Here's the awesome part: Grief makes you not give a shit about any of that. Yeah, it sounds good on paper. Yeah, I have some socks on right now, a hot mug of coffee and a sleeping dog at my feet on the settee by the window where I can watch the leaves swaying and the sunlight hit the deck.

So what. Big deal.

Platitudes. It's all platitudes. My whole thing has been to get out of bed and put my feet on the floor every day. Check. To keep moving forward no matter how small the steps. Check. To try really hard to be kind to The Child. Check (the trying part. I am trying.).

At the end of the day, it has not helped. I am, for the most part, out of the weepy stage (today not withstanding, and last Wednesday notwithstanding. Sometimes it hits you and you can't do anything about it but give in so I do and it doesn't feel any better), but now I am in the blank stage. Nothing helps.

(certainly not religion, by the way, which people recently have felt the overwhelming need to assault me with. I don't believe he is in a better place, and if you know Dane you would know that even if God did need an angel - utter condescending bullshit - He certainly would not have chosen my  beloved. No angel, that one. So STFU about his soul to me. He would be PISSED and talk about how Mary was no virgin if he could. So just stop.)

And I am SERIOUSLY considering smoking. I haven't smoked in 12 years. They make me violently ill. I don't care. Because feeling something has to be better than this.

(please don't send me messages or post about how I shouldn't smoke. I know. I am not a moron. I am too cheap to go buy a pack of American Spirits, and no one around me smokes with regularity. But I am also an adult, so I don't need a lecture about smoking. I know.)

Every morning when I wake up, I roll over and the first two words that pop into my head are, "Dane's dead." This was a regular feature the first several months after his death, but it went away for a bit over the summer. Now, as we approach nine months it has come roaring back. So welcome to the new fucking day. Dane's dead. Good luck.

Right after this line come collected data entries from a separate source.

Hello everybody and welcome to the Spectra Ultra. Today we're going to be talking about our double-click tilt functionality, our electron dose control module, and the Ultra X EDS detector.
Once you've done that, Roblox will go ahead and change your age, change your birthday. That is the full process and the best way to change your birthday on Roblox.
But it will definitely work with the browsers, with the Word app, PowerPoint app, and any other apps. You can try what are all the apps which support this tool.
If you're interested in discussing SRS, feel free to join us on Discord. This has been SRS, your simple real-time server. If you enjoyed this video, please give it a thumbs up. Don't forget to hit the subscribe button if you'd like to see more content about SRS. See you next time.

*and with that, I believe we have entered another stage of grief: ANGER. Probably best to give me a wide berth. I'm just sayin'.

Saturday, October 5, 2013

It Begins Today

The sweat and the heat.

The endless days, shoved in a small space with hundreds of people.

Fast food choked down.

Rising at before the sun; returning home after midnight.

The driving, the driving...the driving.

We will persevere. We will Push Past This.

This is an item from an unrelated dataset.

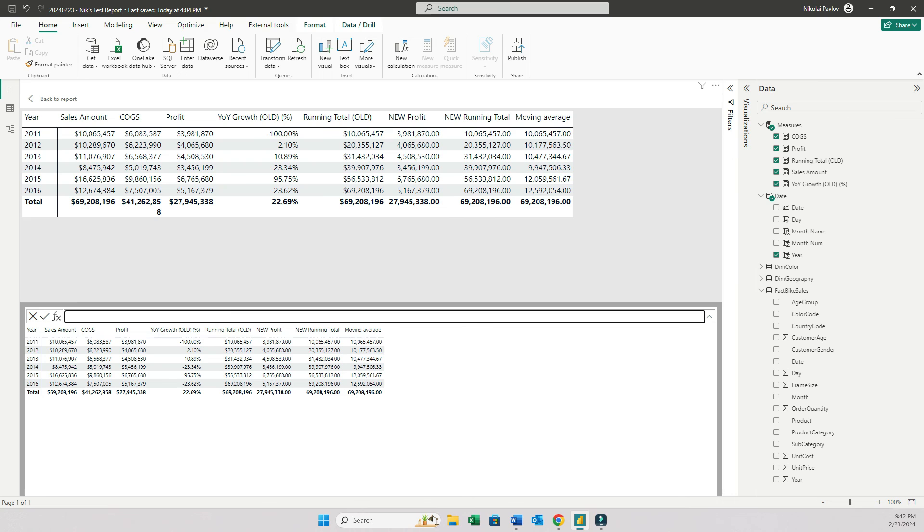So yeah, this new visual calculations feature is mind blowing. I still don't know what to think of it, to be honest, how this is going to change DAX or how we're going to learn Power BI. I just wanted to share my raw feelings about this. Definitely exciting times. Have a good weekend, everybody. And I'll talk to you soon.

It begins today, after two months of nothingness. It begins today.

Softball.

Wednesday, October 2, 2013

Out of Nowhere*

Today driving home from the art store I was overwhelmed by tears. I was thinking about Pappy Van Winkle, driving through Kennesaw Mountain Park, sunshine-y day, art supplies in the back, fun times on the horizon, and I somewhat lost it.

Yay. Good times.

Out of Nowhere, La is a teenager.

Out of Nowhere, my school is Tango Uniform.

Out of Nowhere, people are all up in my business about how much money I have and what they feel I can and cannot afford to have/do/be. (Guess what? If I can find it, and I think I have, Imma buy a 23-year-old bottle of Pappy Van Winkle. Put that in your pipe and smoke it.)

Out of Nowhere, nothingness. Lonely.

Blah. Pity parties aside, it was an interesting experience to be hit by grief on a sunny day. Oxymoronic. A bit foolish and possibly dangerous to continue driving.

Out of Nowhere also: clarity in some things, important things. Some I have discussed here, some I have not.

Out of Nowhere also: even less of a need to give a flying rat's ass about what people think. This is bad news for those of you who felt that particular trait was too well-developed in me in the first place. *shrugs*

Nowhere is contradictory, not wholly (un)pleasant place. At any rate, I'll have good bourbon while I'm there.

This self-indulgent entry brought to you by Active Avoidance of Other Issues Occurring and a Real Desire to Stop Whining and Figure Out What the Fuck.